How to complete this task - Reproduce exactly the entries from the "644 Island Way Clearwater Beach FL 33767" line to the end. Skip all pictures.

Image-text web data
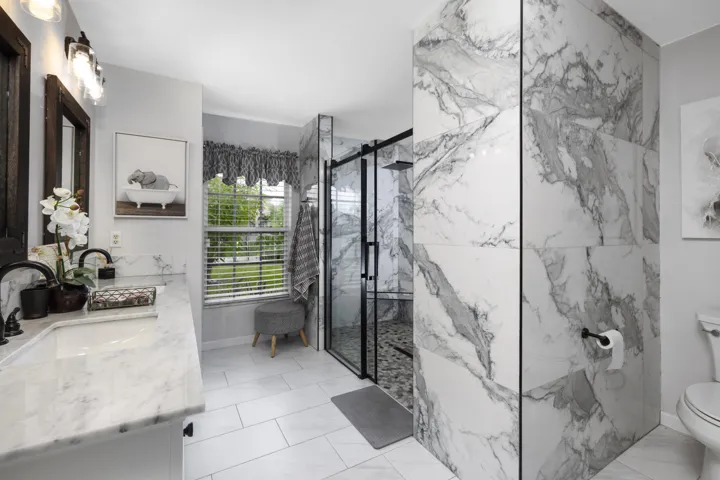 New Primary En-Suite Bath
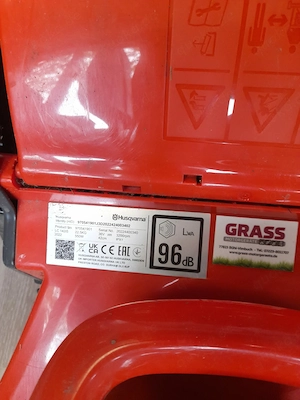 Rasenmäher mit Akku 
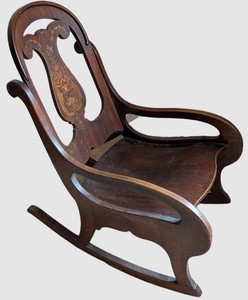 DR - Vintage Wood Rocking Chair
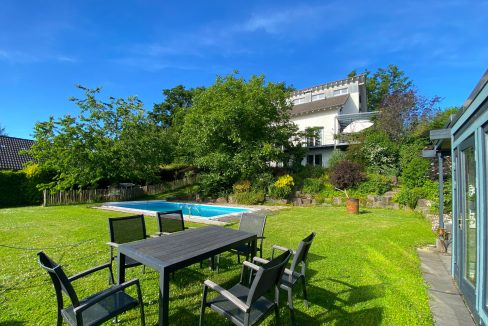 Garten mit Blick zum Pool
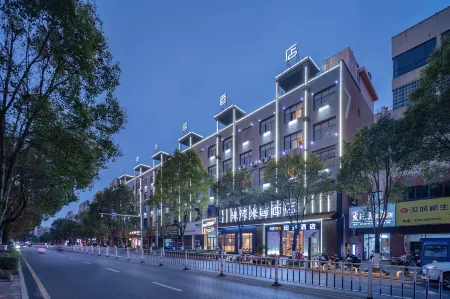 Rucheng Me Young Me House Hotel (Chenzhou Rucheng Sun City Ailian Square) Отели в г. Жучэн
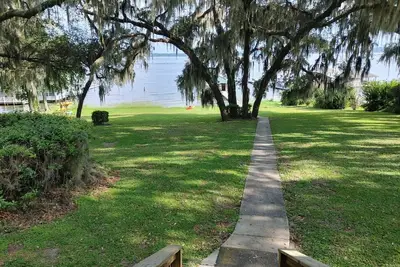 Image de Maison de famille sur Amazing White Sand Bottom Lake
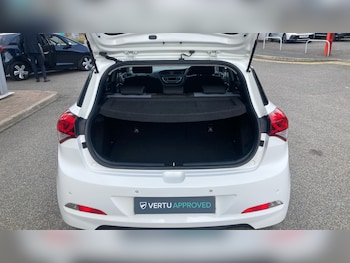 Used Hyundai i20 2017 for sale - 75910879: Photo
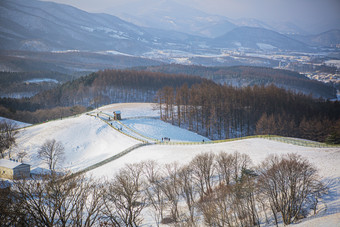 冬天从山顶俯瞰雪地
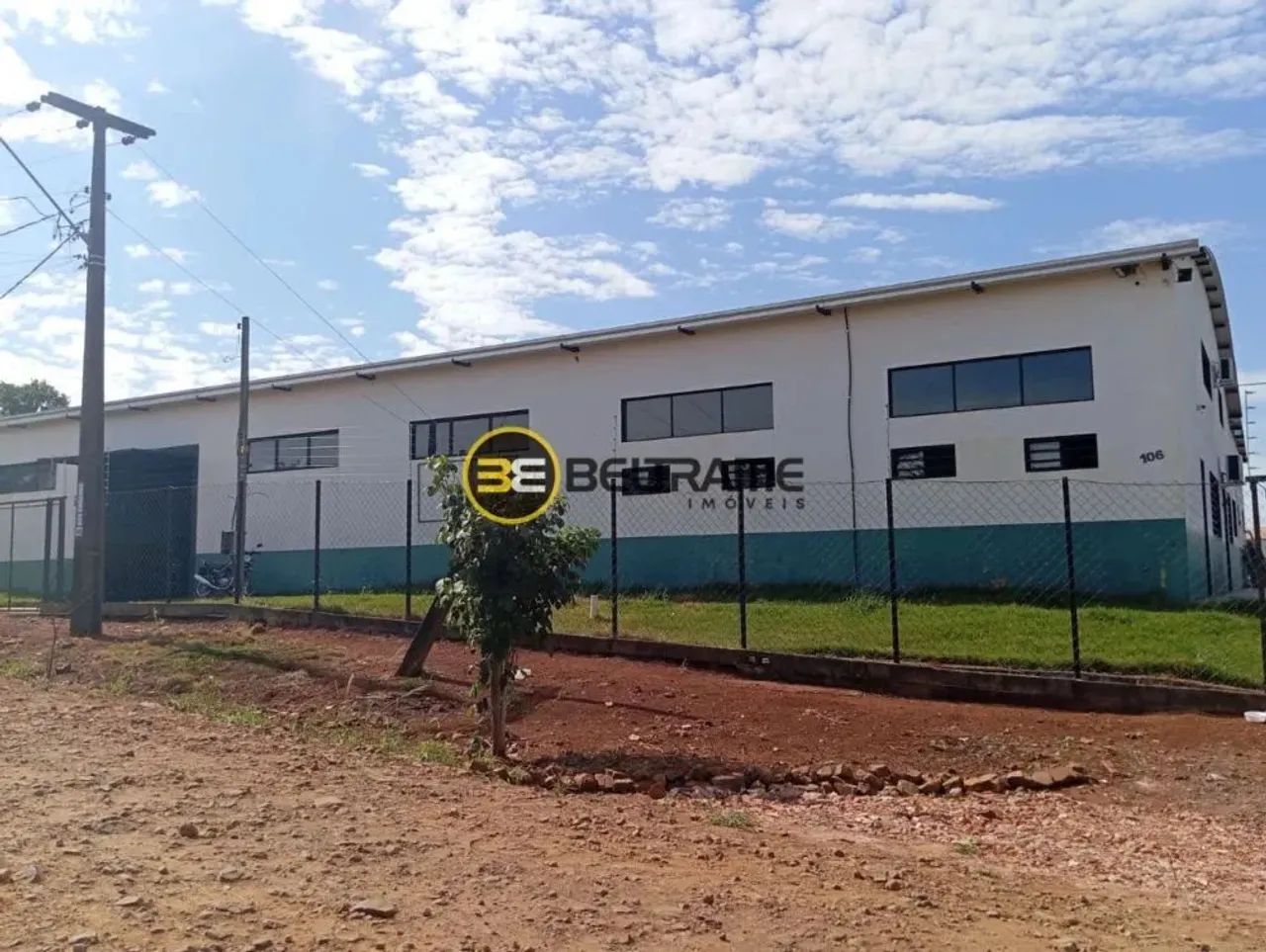 VENDA | Galpão/Barracão, com 2 quartos em Parque Industrial I, Campo Mourão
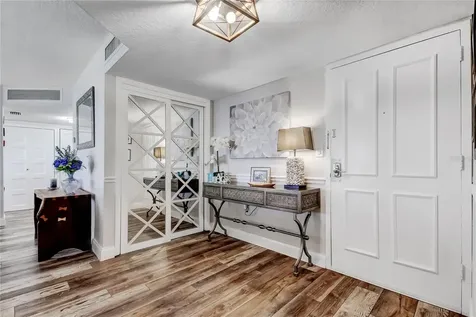 644 Island Way Clearwater Beach FL 33767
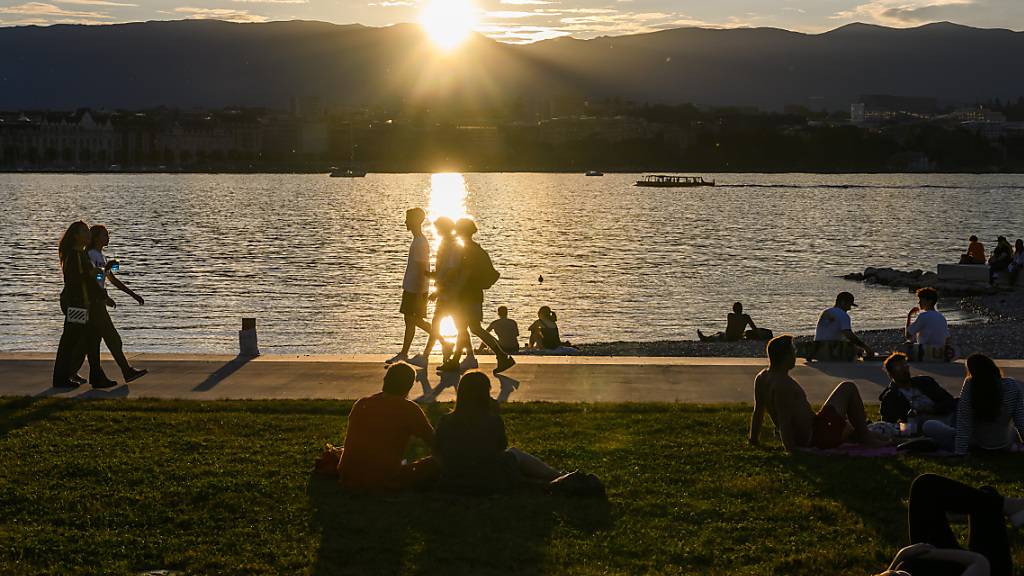 Sonnenuntergang in Genf am See. Auch hier gab es wieder eine Tropennacht. (Archivbild)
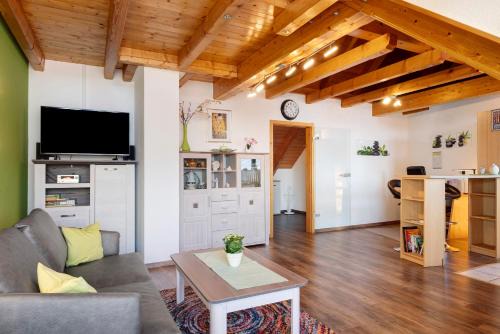Endingen am Kaiserstuhl Apartment | Family-Friendly Retreat at Haus Fliegerhorst - Rated 9.3/10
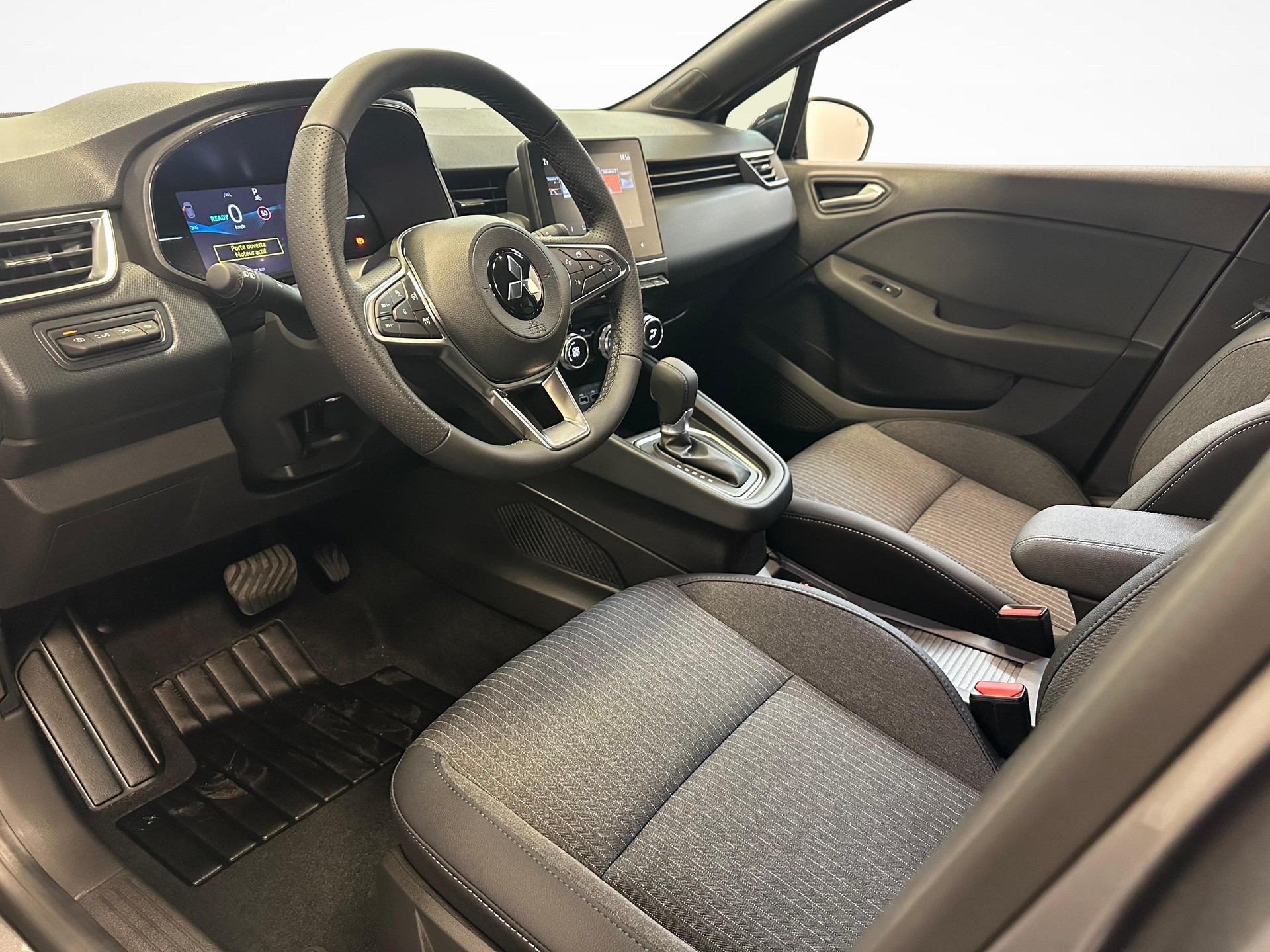 MITSUBISHI Colt 1.6 HEV Intense-showroom-element-3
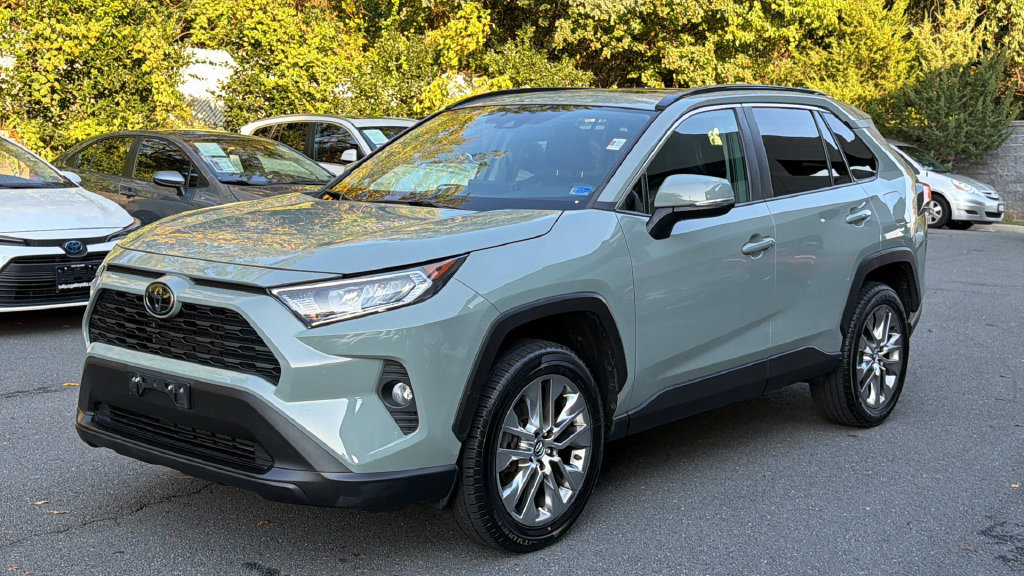 Used 2020 Toyota RAV4 XLE Premium AWD/4WD image 2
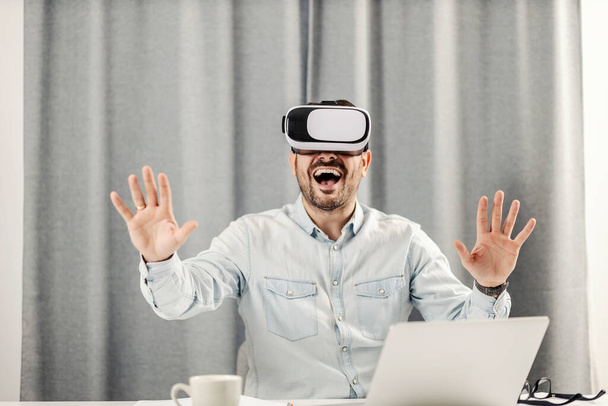 Чоловік в домашньому офісі має чудовий досвід VR
. - Фото, зображення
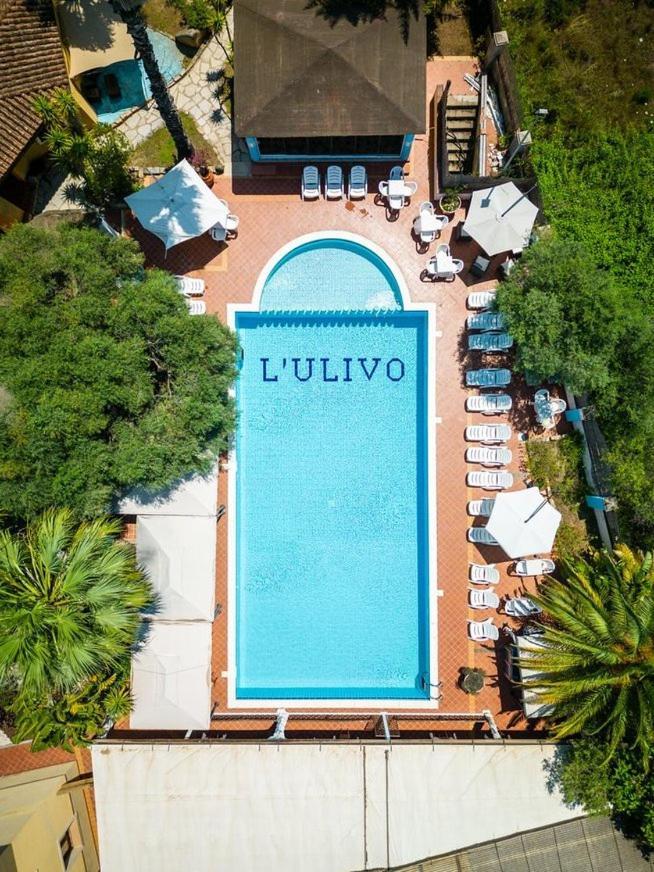 Hotel L'Ulivo Girasole Eksteriør billede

Response area -
 644 Island Way Clearwater Beach FL 33767
 Sonnenuntergang in Genf am See. Auch hier gab es wieder eine Tropennacht. (Archivbild)
Endingen am Kaiserstuhl Apartment | Family-Friendly Retreat at Haus Fliegerhorst - Rated 9.3/10
 MITSUBISHI Colt 1.6 HEV Intense-showroom-element-3
 Used 2020 Toyota RAV4 XLE Premium AWD/4WD image 2
 Чоловік в домашньому офісі має чудовий досвід VR
. - Фото, зображення
 Hotel L'Ulivo Girasole Eksteriør billede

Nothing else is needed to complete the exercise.